Yet, it is Torah, and like all other passages of Torah we must study it, difficult though it may be. Once we have overcome our shock and revulsion, we can come to see that the point R. Shalom Noach is making does not have to do with murder or killing, but with inner awareness. He does not hold up the specifics of the Akedah to be expected by anyone else. We are not to anticipate that God will ask of us that we murder, even for God's sake, even to "raise up" another spiritually. Rather, he strives to make the point - out of the narrative of the Akedah - that our greatest trials arise in moments of ambiguity. When our choices are clear - obligatory or prohibited - we know what to do, knowing at least that our refusal to obey is "sinful". But, when there is no definitive command to guide us, we are most at sea, open to the pushes and pulls of our needs and desires, our prejudices and preferences.

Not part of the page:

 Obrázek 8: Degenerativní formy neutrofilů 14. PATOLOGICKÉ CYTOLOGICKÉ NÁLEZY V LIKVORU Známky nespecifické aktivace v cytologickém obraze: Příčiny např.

It is in these moments that we are most likely to fail in our lives, and not even to know it.

That it is the issue of inner intent (and perhaps not so much the aspect of "faith" as R. Shalom Noach emphasizes) becomes evident when we look at some of the sources behind our lesson. First is that which suggests that Abraham did not doubt God's measures in the world. In the original, this is not quite the point: J Ta'anit 4:2 (10b):
Halachah 4/Mishnah: For the first (additional prayer added to the Shemoneh Esreh on a fast day, whose subject is "recollection/zichronot") the reader says: "May the One Who answered Father Abraham on Mt. Moriah answer you, hearing the sound of your cries on this day. Praised are You, God, Redeemer of Israel".

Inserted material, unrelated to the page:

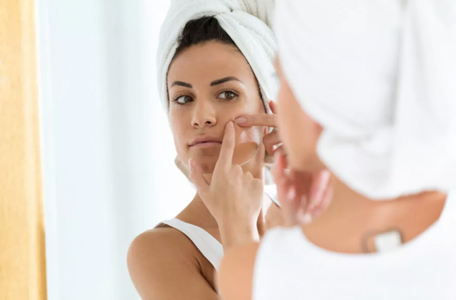 Illustratie voor: Dit is hormonale acne en dit is de oplossing ervoor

Gemara: We recite this to argue that just as Isaac was redeemed, so may all Israel be redeemed. R. Bibi Abba taught in the name of R. Yochanan: Abraham said to the blessed Holy One, "Master of the Universe, it is revealed and known to You that when You said to me to raise up my son Isaac, I could have responded to You saying: 'Yesterday You said to me, "it is through Isaac that offspring will be continued for you", but now You say to "raise him up as an offering"!? But, heaven forbid that I should have done so. Instead, I subdued my inclination and fulfilled Your will. So may it be Your will, Adonai my God, that when the descendants of my son Isaac undergo some distress, and they have no one to argue in their favor, You will argue in their favor".
Abraham was quite aware, apparently, that God's new instruction contradicted God's earlier words, and apparently he did question this. Yet, he did not speak his mind or contravene the instructions, and it is only now, after Isaac was spared, that he can speak to God of his inner thoughts. Perhaps Abraham had faith that God would protect and save Isaac (fulfilling God's earlier promise). Still, it would seem that Abraham did not act without any self-concern, and perhaps even with doubt. He realized that in fulfilling God's will without question he gained "credit" (as it were), and so some power over God.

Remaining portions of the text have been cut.